WHAT NEEDS TO BE DONE: Skip pictures in the listing below; copy exactly the lines from the one with "Metal Key Chain" through the one with "Additional image 12", inclusive.

INFORMATION:
*** Block opens ***
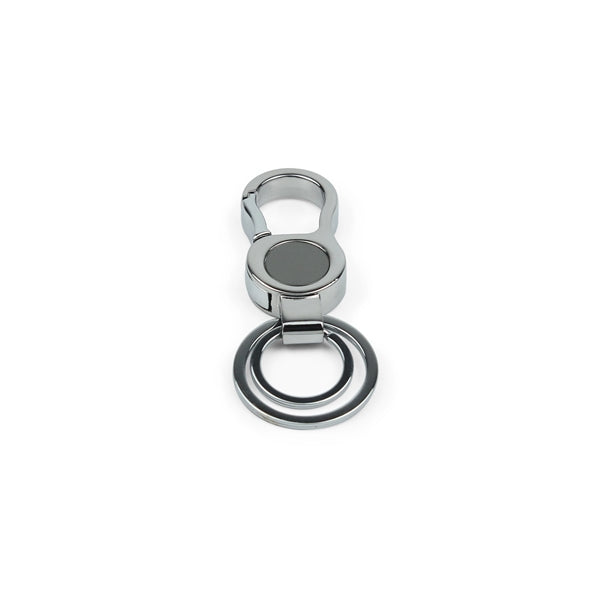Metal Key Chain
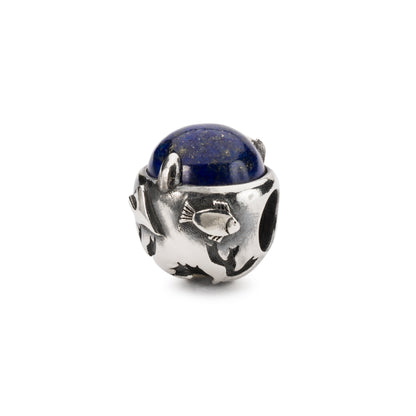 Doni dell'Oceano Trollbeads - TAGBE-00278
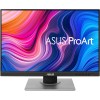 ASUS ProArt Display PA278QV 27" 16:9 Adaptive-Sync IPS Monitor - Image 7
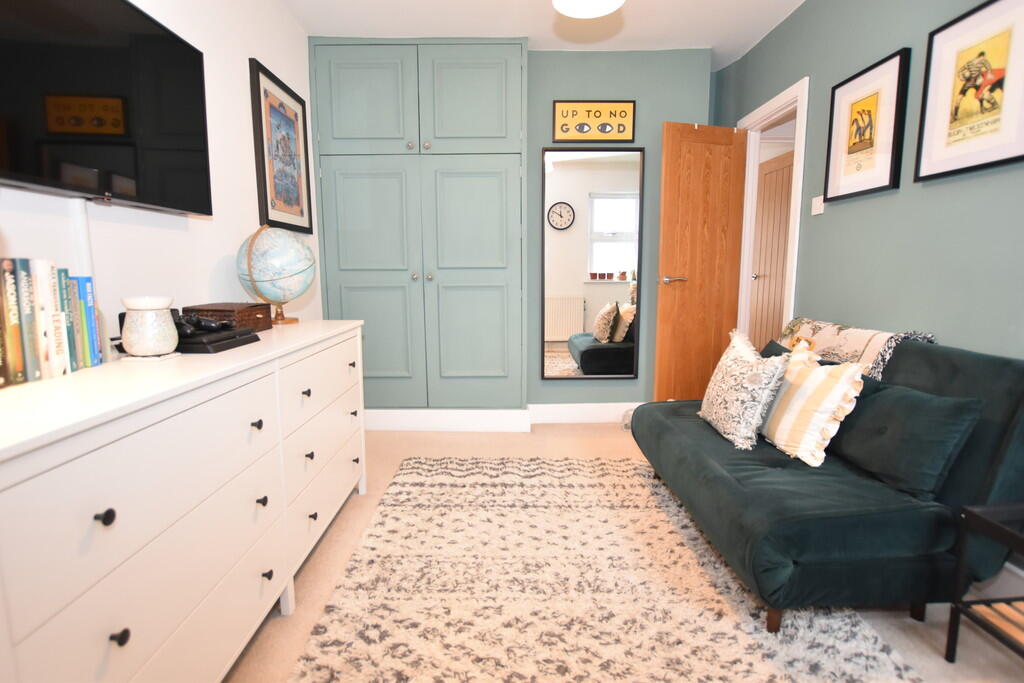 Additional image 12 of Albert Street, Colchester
*** Block closes ***
*** Block opens ***
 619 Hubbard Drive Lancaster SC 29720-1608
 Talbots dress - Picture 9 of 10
*** Block closes ***
*** Block opens ***
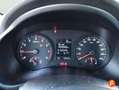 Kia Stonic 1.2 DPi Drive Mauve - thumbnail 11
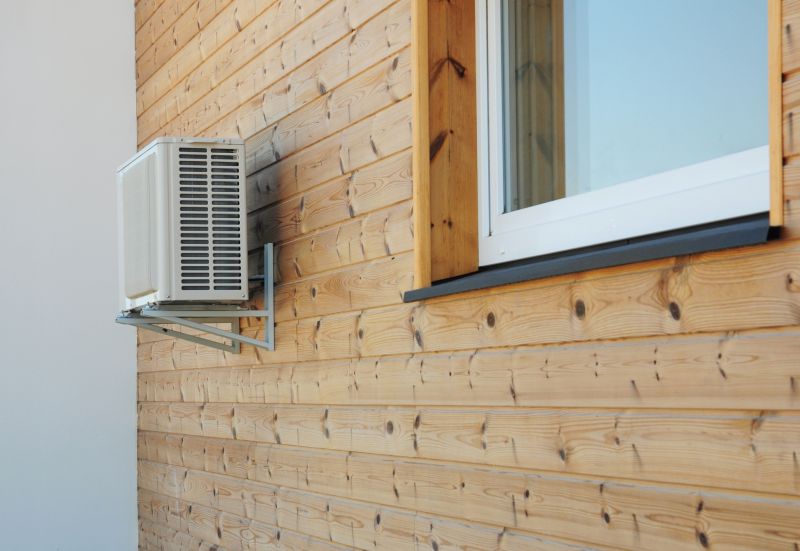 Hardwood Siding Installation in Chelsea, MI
*** Block closes ***
YOUR SOLUTION:
Metal Key Chain
 Doni dell'Oceano Trollbeads - TAGBE-00278
 ASUS ProArt Display PA278QV 27" 16:9 Adaptive-Sync IPS Monitor - Image 7
 Additional image 12 of Albert Street, Colchester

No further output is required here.